Groundhog Day at 221B Baker Street.

A matinee of the latest Tom Cruise movie Edge of Tomorrow put me in mind of the world of Sherlock Holmes today.

The plot would seem to be totally unrelated to Holmes, being a science fiction reworking of the Bill Murray classic Groundhog Day in some respects. The same day and its events are lived over and over again until some goal is achieved -- my main movie compadre likened it to playing a video game, where one butts heads with a given scenario time and again until finally figuring out how to beat it.

But to me, the repetition of a single day, memorizing all of its minor details, getting to know all the people within it, reminded me of nothing so much as a Sherlockian's relationship with the sixty stories of Sherlock Holmes. As the years pass, and one revisits the stories time and again, noting this detail here, looking into the historical context of this bit there, one gets to the point . . . like the lead characters in those repeated day movies . . . where one could finish Holmes and Watson's sentences, if you were suddenly dropped into the action.

Because we have been there before, after all.

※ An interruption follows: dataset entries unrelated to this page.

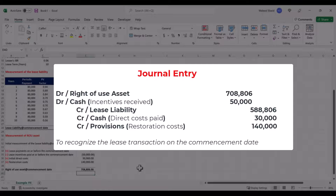That's all about the components of the right of use asset. In the following lecture, we will talk about the components of the lease payments. So let's move on.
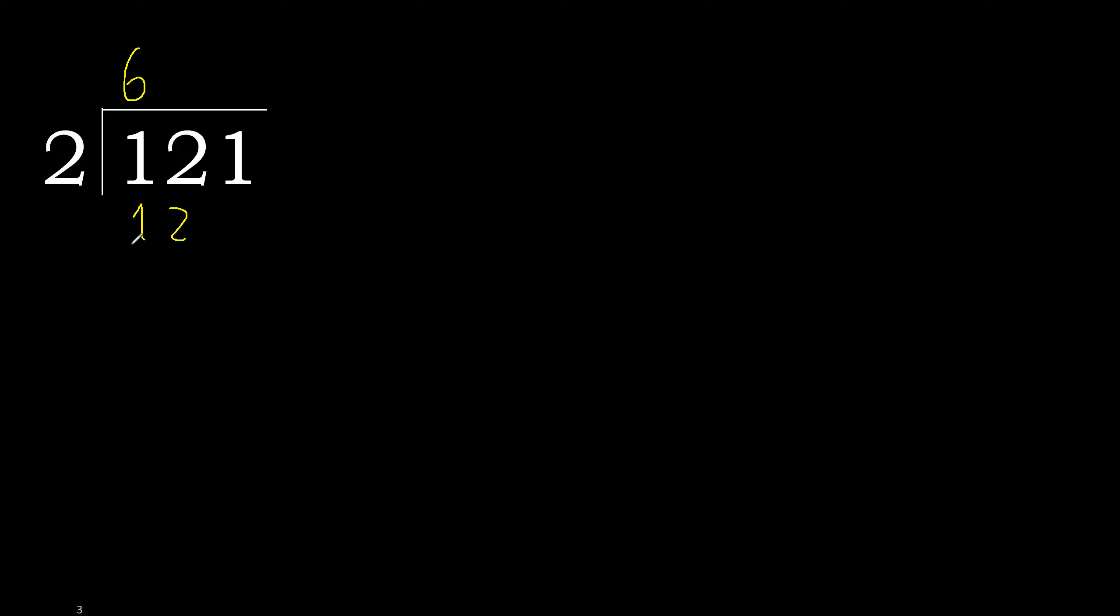It is not greater, ok. 12 minus 12 is 0. Next.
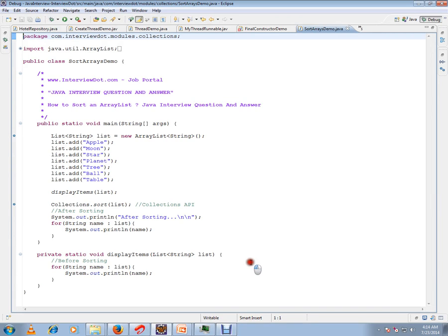Here I'm creating an object of the list, and in the list I'm adding all these strings: Apple, moon, star, planet, tree, ball, table, which are unsorted.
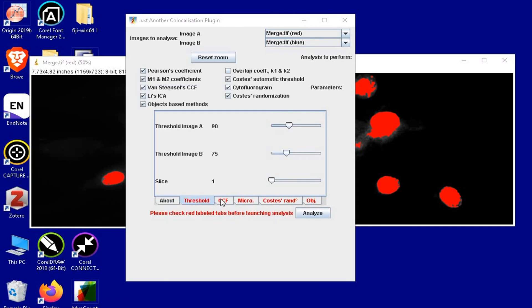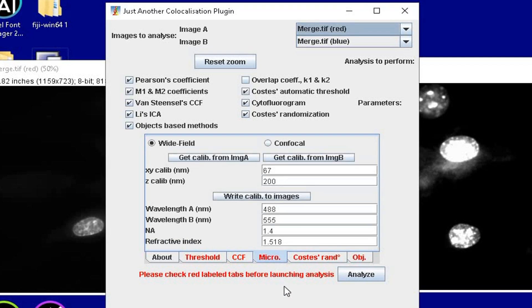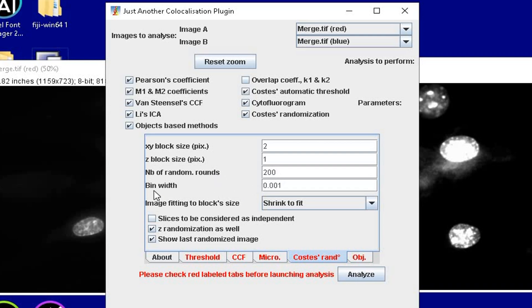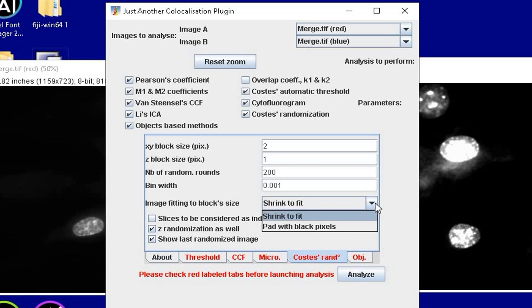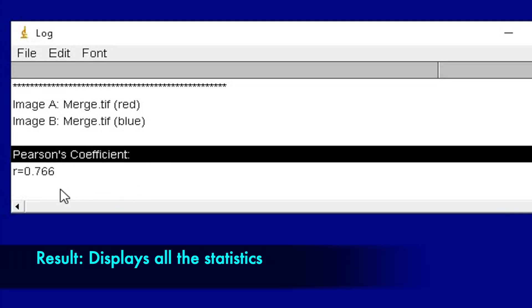Next, under CCF, make sure the X shift is 20. Under microscope, make sure that the metadata are correct. Under Costes' randomization, the number of random rounds should be minimum of 200 and bin width as 0.001. The image fitting to blocks size should be set to shrink to fit and then click Analyze. The result window will display all the statistics including the Pearson's coefficient.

That's the difference between great fiction and recorded history -- a Civil War scholar might be able to tell you in great detail how a particular battle was won or lost, and know all sorts of trivia from studying every known fact or witness testimony, but they were never actually there. Great fiction transports us to the time and place where it occurs, and we come away with a certain amount of experience of the events within.

And when we revisit a place like 221B Baker Street time and again to savor those bits that happen within, it eventually becomes like Punxatawney, Pennsylvania was to Murray's character in Groundhog Day: a place that feels a lot like home, where we can relax and settle in. It's no wonder so many Sherlockians over the years have chosen to re-create a 221B room in their homes.

Of course, the science fiction battlefields of Edge of Tomorrow aren't exactly as comfortable as all that . . . but they put me in mind of good ol' 221B, just the same.

And I would much rather relive the Sherlockian Canon by reading a tale than be Tom Cruise, in any of his movies.